*** Supplied material ***

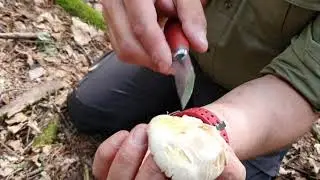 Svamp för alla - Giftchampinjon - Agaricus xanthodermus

*** End of Supplied material ***
*** Supplied material ***

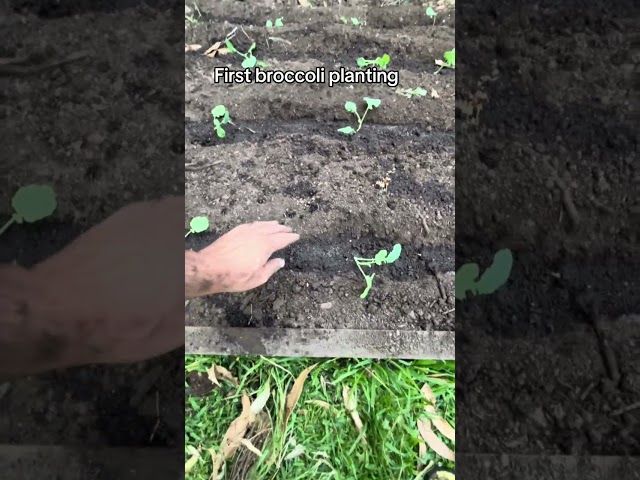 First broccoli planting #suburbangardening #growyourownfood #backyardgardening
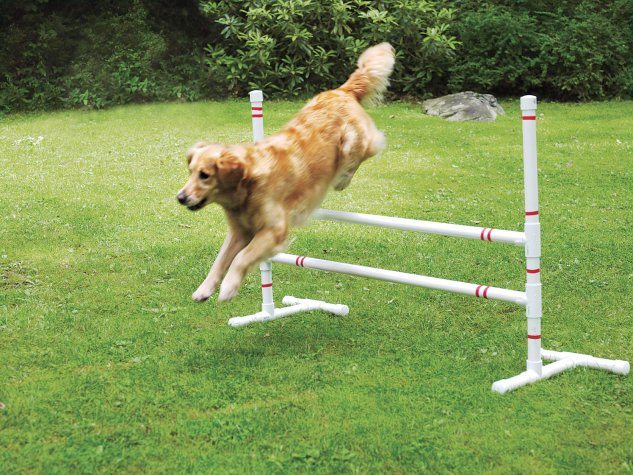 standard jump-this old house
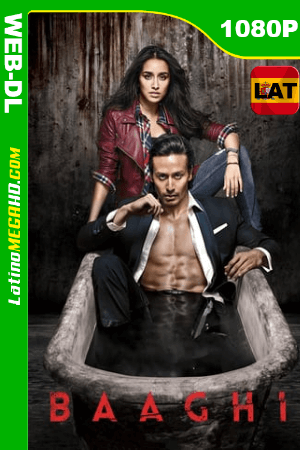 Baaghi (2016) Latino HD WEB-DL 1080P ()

*** End of Supplied material ***
*** Supplied material ***

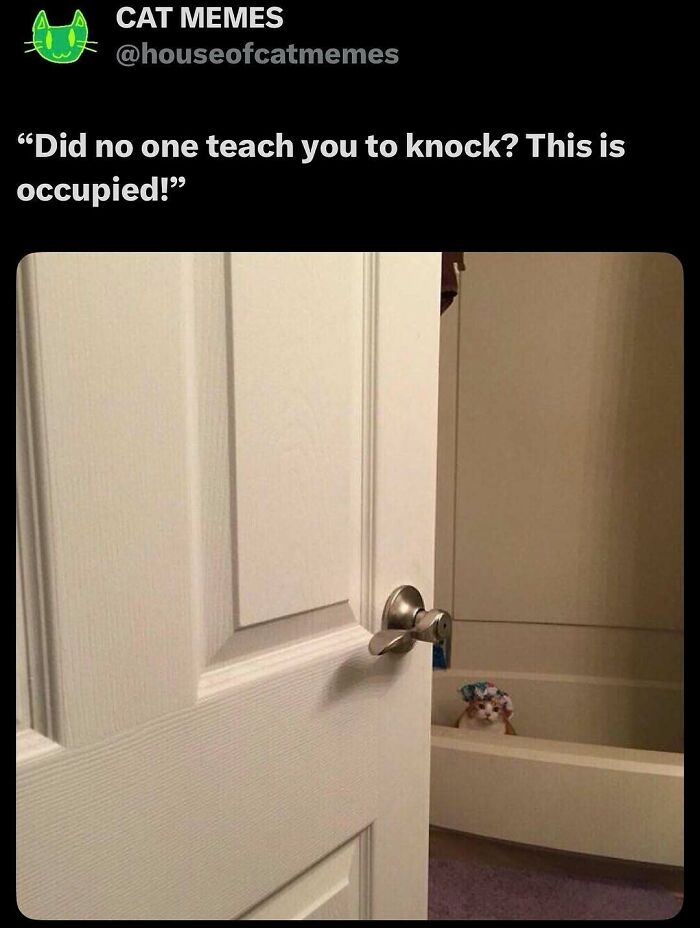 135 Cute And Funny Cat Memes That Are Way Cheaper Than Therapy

*** End of Supplied material ***

Write out the lines above from the one with "standard jump-this old house" through the one with "Baaghi (2016) Latino HD WEB-DL 1080P ()", ends included, exactly; no picture goes in.

 standard jump-this old house
 Baaghi (2016) Latino HD WEB-DL 1080P ()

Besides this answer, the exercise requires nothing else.